== STORED DATA ==

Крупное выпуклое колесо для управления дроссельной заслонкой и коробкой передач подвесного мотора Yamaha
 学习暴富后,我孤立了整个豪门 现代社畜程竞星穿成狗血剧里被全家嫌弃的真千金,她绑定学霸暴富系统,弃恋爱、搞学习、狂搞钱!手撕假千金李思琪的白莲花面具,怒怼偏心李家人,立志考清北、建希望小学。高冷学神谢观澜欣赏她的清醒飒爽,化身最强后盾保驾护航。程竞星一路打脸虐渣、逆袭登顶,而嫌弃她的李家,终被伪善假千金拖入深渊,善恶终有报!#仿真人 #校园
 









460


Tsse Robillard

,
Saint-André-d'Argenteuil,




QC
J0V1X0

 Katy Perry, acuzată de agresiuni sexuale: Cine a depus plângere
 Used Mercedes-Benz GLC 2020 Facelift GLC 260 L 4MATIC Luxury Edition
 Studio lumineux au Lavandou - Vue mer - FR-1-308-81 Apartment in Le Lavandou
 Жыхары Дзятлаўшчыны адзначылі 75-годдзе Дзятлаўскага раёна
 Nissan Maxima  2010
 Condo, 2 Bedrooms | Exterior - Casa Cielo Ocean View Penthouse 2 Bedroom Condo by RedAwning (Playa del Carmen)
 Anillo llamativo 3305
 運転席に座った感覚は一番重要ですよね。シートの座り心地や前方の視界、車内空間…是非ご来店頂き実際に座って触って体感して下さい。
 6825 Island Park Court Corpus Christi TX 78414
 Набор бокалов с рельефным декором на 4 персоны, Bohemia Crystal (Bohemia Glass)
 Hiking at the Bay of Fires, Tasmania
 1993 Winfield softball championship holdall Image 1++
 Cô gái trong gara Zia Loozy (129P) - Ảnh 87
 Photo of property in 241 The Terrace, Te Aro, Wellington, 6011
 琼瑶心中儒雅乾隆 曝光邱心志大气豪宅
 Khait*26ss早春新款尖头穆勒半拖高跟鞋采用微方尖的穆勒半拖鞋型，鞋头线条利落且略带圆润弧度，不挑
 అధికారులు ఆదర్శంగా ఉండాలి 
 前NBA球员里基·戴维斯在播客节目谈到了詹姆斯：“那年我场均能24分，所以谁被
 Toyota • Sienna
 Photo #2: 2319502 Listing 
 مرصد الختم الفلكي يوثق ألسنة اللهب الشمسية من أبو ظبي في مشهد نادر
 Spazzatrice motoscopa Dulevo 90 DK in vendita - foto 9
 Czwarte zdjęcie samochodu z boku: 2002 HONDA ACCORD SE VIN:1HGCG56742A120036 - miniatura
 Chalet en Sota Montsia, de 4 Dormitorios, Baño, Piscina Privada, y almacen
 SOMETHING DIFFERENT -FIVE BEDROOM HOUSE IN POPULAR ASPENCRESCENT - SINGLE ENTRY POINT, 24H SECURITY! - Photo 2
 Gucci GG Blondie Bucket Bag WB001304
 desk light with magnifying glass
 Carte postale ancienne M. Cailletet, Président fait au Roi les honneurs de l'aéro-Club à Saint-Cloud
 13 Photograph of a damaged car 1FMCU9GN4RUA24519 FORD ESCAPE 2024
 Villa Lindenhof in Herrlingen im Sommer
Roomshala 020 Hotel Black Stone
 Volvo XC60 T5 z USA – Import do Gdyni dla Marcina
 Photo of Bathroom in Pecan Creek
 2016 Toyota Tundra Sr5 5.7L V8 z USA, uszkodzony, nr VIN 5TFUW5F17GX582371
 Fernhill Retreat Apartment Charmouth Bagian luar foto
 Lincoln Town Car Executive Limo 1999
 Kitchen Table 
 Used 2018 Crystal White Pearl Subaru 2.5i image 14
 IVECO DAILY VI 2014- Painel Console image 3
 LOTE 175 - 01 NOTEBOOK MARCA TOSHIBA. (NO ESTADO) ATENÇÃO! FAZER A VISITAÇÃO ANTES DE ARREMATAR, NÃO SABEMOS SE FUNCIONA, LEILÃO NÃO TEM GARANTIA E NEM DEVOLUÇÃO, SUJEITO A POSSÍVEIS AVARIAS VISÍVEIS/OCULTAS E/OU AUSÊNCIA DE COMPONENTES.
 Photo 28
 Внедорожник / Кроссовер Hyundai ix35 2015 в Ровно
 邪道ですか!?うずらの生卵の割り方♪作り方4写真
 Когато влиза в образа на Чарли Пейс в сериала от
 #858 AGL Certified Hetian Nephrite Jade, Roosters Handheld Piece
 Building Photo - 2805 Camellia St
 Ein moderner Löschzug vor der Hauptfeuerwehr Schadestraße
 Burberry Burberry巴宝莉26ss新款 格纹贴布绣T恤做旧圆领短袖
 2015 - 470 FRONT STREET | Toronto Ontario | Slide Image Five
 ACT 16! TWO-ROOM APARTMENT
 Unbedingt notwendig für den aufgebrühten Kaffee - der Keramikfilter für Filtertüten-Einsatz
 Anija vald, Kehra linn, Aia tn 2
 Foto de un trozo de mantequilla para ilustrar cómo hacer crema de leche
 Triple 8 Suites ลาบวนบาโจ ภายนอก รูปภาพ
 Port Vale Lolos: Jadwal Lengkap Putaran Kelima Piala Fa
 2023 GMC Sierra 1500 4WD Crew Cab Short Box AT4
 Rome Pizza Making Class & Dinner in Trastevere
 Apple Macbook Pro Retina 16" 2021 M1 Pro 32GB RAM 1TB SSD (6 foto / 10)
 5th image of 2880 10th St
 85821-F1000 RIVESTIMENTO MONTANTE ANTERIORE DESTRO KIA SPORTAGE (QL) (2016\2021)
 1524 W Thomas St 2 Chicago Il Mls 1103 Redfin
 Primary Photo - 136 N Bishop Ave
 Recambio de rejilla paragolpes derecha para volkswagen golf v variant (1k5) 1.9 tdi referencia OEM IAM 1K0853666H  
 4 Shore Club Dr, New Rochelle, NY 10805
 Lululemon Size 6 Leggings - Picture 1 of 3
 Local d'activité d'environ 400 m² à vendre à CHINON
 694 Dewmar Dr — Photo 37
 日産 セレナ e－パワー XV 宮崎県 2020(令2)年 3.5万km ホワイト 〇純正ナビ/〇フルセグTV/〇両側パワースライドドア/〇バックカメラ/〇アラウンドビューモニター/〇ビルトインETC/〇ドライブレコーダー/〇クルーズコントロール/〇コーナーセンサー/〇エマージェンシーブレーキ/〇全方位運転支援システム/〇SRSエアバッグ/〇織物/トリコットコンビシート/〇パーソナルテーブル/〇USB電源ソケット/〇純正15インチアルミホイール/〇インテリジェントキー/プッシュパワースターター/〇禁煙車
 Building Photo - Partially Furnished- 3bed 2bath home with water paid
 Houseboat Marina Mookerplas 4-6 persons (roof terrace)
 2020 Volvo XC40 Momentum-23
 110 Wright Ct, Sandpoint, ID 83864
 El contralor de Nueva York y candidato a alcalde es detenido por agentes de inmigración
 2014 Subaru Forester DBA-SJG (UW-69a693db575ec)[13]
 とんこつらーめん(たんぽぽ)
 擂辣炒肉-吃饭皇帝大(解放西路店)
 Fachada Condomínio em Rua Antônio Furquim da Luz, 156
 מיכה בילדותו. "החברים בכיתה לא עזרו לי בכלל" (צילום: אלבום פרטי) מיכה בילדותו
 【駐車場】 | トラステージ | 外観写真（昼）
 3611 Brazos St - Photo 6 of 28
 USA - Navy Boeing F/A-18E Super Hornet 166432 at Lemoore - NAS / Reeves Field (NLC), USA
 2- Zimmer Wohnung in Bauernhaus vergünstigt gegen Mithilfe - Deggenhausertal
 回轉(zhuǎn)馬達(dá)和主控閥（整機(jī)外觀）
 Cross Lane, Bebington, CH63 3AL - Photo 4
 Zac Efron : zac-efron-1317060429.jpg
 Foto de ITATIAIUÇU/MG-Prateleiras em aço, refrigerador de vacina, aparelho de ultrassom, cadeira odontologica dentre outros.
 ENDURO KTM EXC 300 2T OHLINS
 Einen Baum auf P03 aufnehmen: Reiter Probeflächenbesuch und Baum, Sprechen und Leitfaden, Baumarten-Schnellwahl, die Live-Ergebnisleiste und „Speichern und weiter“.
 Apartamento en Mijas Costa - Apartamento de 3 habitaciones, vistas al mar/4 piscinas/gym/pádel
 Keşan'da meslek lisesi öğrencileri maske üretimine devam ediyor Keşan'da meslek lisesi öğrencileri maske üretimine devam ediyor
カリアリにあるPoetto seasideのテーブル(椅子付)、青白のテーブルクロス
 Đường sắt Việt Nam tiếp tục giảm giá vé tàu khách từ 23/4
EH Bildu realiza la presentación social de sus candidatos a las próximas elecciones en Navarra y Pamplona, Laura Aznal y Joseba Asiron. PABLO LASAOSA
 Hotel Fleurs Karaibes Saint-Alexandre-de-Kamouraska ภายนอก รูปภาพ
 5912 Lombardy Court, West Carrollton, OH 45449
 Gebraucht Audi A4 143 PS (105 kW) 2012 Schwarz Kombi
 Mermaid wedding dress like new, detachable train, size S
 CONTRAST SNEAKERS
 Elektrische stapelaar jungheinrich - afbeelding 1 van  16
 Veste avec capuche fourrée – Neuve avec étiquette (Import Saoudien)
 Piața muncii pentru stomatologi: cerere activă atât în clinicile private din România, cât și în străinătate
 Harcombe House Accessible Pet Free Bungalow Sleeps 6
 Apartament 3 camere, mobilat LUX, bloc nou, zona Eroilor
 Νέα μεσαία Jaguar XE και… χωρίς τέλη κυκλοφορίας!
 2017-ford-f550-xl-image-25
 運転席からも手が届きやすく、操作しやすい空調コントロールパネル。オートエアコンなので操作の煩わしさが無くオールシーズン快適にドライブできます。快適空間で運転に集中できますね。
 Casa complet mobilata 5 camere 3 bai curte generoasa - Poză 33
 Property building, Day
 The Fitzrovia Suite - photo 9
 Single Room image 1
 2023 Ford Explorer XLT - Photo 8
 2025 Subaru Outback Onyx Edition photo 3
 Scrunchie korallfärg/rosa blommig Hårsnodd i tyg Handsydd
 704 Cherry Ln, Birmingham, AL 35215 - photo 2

== ACTION ITEM ==
Would you copy out each line of the records above where the word "Toyota" occurs?

== OUTPUT OF THE EXERCISE ==
 Toyota • Sienna
 2016 Toyota Tundra Sr5 5.7L V8 z USA, uszkodzony, nr VIN 5TFUW5F17GX582371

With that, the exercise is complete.